What I didn’t like about the book was Aziz’s sense of humor. To me, it was a bit childish and overly sarcastic — just not something I vibed with. Which makes it even more astounding just how absolutely blown away I was by his set.
Most of it was crowd work-based, where he went around the front rows asking for stories on areas of his life he’d been entering, from proposals to child names, finding ways to make the same lighthearted jokes I hated reading but loved seeing in person. His quirky intonations and high energy definitely resonated on stage; I even got roasted by saying I turn my phone off before I go to sleep (“good job, because we wanna make sure you can’t use your phone when you’re asleep, nice” he replied.)

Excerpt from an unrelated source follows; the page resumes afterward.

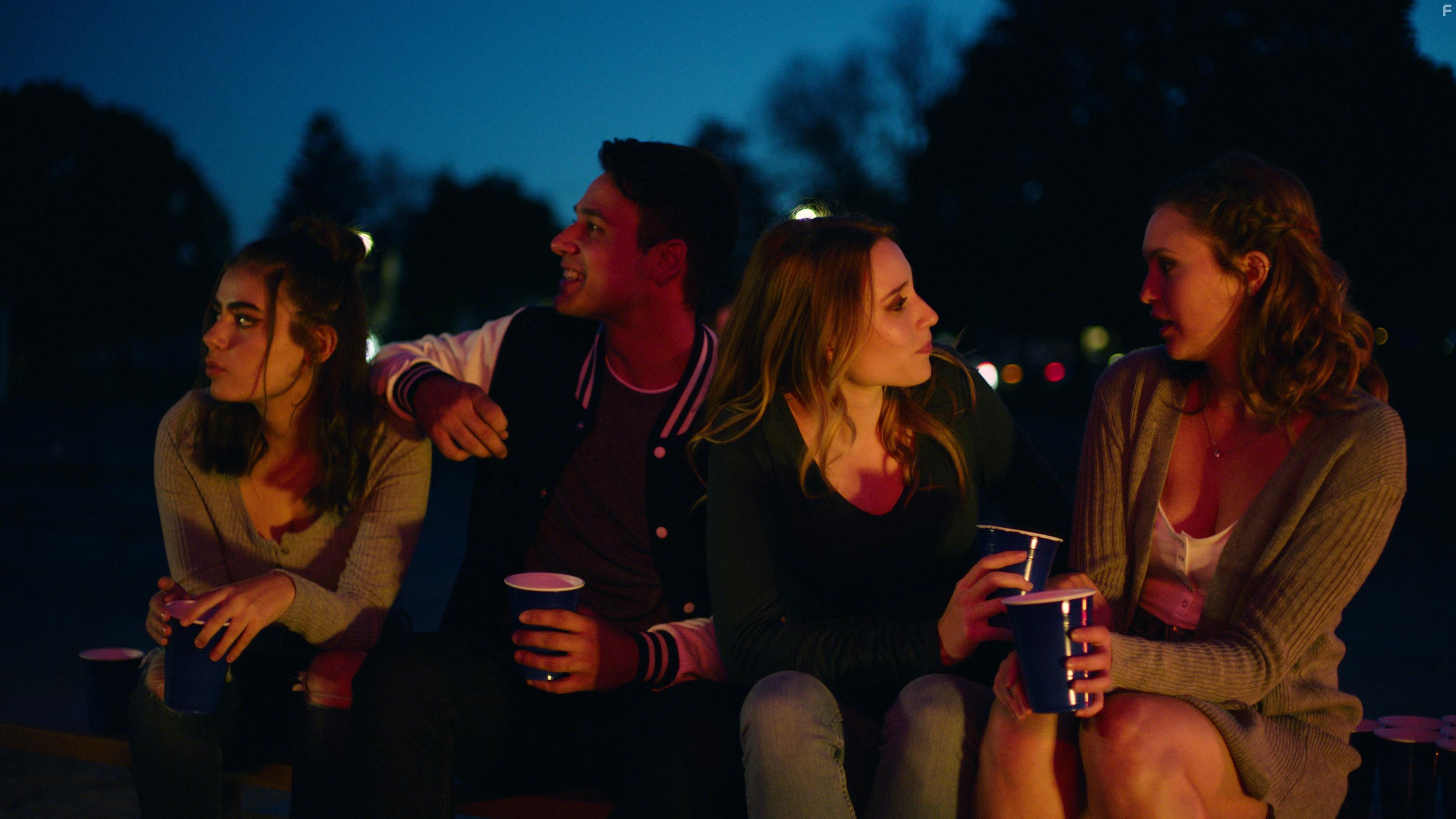 Michael Pavone, Emma Jessop, Tyler Aser, and Andrea Figliomeni in The Mystery of Her (2022)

Side note — he got a flip phone recently and talked about it a lot during his set. I’m seriously considering doing the same now.
Above all, though, it was his storytelling that stuck out to me. Aziz’s ability to engage and connect with the audience had me captivated in what must’ve been 30 minutes that felt like 10. I’ve never clapped so hard for a performance in my life. For those curious, Chris Rock was solid too, but he was just trying out jokes he had written on paper, which were funny, but not as powerful of an experience overall.
Anyway, what Aziz’s performance last weekend showed me was for the first time what stand-up does — serves as a powerful facilitator of shared companionship & intimacy at scale. We all know how humor is used as a tool to disarm people, and standup is basically a test of a comic’s ability to get a bunch of strangers to become comfortable enough (through his/her example) with each other to emotionally open up. Basically, they trick people into being vulnerable through humor while also holding their complete, undivided attention. If that’s not hard enough, standup is also the only performance art form where you get visible & audible feedback on how you’re doing in real-time.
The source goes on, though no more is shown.